The point of the article is not to compare two scumbags - it's to argue that their choice in mansion decor is common to their scumbaggery - scumbags have such decor. We just don't know who inspired whom.
Sean Hayden wrote: ↑Mon Nov 12, 2018 7:10 pm
His scumbaggery just makes his wealth that much harder to handle. Also, you shouldn't take this to be an attack on Trump only. What is with all these wealthy scumbags?
The article, of course, doesn't take issue with wealthy scumbags in general. It's Trump. Because he's so much like Saddam Hussein. Don't be obtuse about what the article is saying.
Sean Hayden wrote: ↑Mon Nov 12, 2018 7:10 pm
Another aspect is of course how we treated Saddam. Were you bitching at the media when they showed us how he lived, and suggested he was a monster to enjoy his wealth in the midst of such inequality? Were you saying so what, that's just how rich guys live?

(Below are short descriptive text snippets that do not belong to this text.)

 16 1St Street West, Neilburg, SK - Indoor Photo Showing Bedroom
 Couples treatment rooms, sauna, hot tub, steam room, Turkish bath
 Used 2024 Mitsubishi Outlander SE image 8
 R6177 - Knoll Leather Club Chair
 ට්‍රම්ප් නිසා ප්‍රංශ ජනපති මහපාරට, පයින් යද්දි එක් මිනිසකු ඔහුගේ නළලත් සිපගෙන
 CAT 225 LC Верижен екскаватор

I don't recall seeing any media suggest that wealth made him a scumbag. I do recall the point being made that killing hundreds of thousands of people, torturing his citizenry, gassing thousands, invading Kuwait, and thereby stealing the wealth of the entire nation was scumbaggery. Only leftists view wealth qua wealth as justifying some sort of negative inference.
The media did not portray him as a monster for being wealthy when others weren't - he was a monster for creating a force which allowed him to seize dictatorial control over the Iraq Parliament, and in so doing, he hauled off about a 1/2 of the legislators and had them summarily executed as traitors. He sat there with his feet up and a cigar in his mouth as he declared who the traitors were, and had them all shot. He then established his perpetual regime and ruled by fiat, and he enforced his will through torture and corporal punishment, including having the wives of suspects raped right in front of them - political prisons - summary executions - torture - murder - black bag operations where people disappeared into the night, never to be heard of again. It was through those efforts and military action that he committed the theft that caused him to be as wealth as he was.

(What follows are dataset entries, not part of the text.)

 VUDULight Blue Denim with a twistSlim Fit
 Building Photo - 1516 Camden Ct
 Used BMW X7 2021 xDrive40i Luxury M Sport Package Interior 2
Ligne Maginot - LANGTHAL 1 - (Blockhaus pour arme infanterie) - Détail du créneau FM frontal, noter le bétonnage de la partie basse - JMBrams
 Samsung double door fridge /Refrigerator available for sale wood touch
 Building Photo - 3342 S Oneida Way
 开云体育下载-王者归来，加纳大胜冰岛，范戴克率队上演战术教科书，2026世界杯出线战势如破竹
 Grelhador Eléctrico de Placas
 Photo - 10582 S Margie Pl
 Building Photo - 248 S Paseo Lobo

And, I'm not saying "that's just how right guy's live." Did you even read the Vanity Fair article? It sure doesn't seem so. Please - tell me - what do you think was the theme or main point of the article?

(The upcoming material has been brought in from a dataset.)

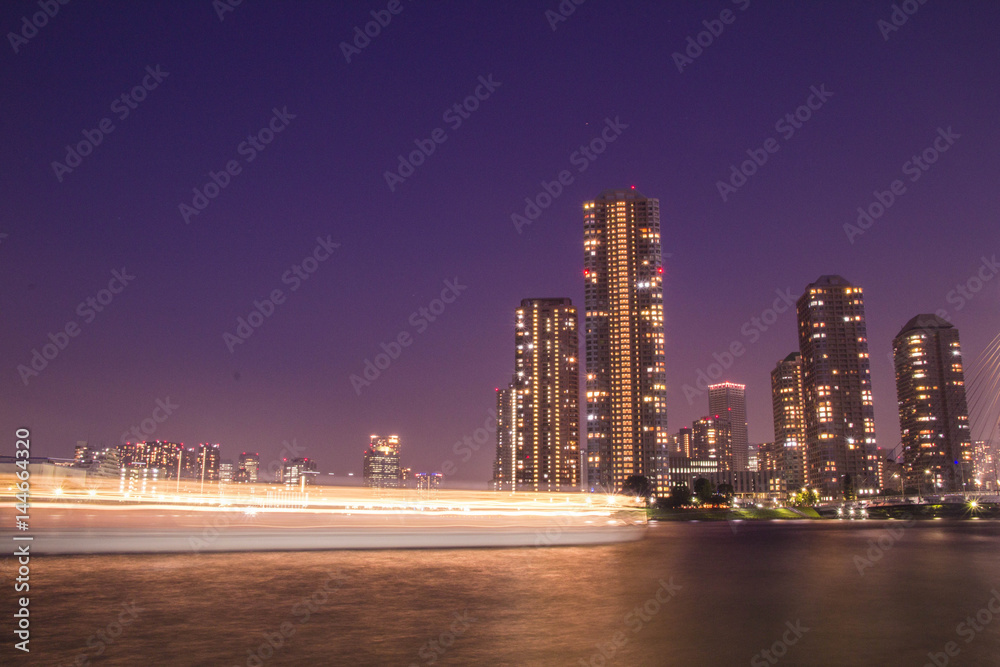 Fototapeta premium ビル夜景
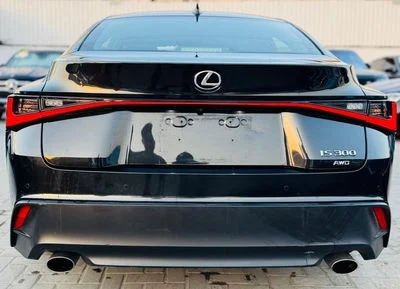 2022 Lexus IS300 AWD, čierna, 14 992 km, dovoz SAE — foto 6 z 16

The article states that for time immemorial rich people set up shrines to their own "self-importance." But, they couldn't help notice - outside of what all rich people do -- they couldn't help notice the "striking similarity" between Trump and Hussein's decor. And, they muse - "who influenced whom"? The problem is - there is no "striking similarity" -- there is no heightened similarity between Trump and Hussein's architectural preferences than between Hussein and Princess Diana's former house at Althorp = and many many other people. The show two staircases (and they're copmetely different) - Trump had a common double staircase in the front great room that if you google it, you'll find an endless supply of them - it's a common architectural design. Hussein's was a far more opulent double spiral staircase, bigger and grander and more gaudy. Trump's was a typical mansion staircase.
The article asks -" Is it a coincidence, or does their preference for strongman politics dictate their prejudices in decorating? Or, perhaps more prosaically, which came first: the gold-plated toilet or the gold-plated bidet?"
Does the preference in decor dictate the politics, or does the preference in politics dictate the decorating?
Hardly a stupider question could be asked. I mean, who would write such claptrap?
Oh, well, that's easy "Bruce Feirstein, American screen writer and humorist" --- oh, gee -- "The magazine [Vanity Fair] took delight in trashing Trump. "In modern media terms, Donald Trump was our clickbait," Spy contributing editor Bruce Feirstein recalled in August."
https://money.cnn.com/2015/10/16/media/ ... index.html
The magazine took delight in trashing Trump - used him as "clickbait." Says Bruce Feirstein, author of this idiocy, and if you click on his name on the Vanity Fair link, it takes you to a page of his stories - about half of which (without counting, just scanning) are bash-trump clickbait crap.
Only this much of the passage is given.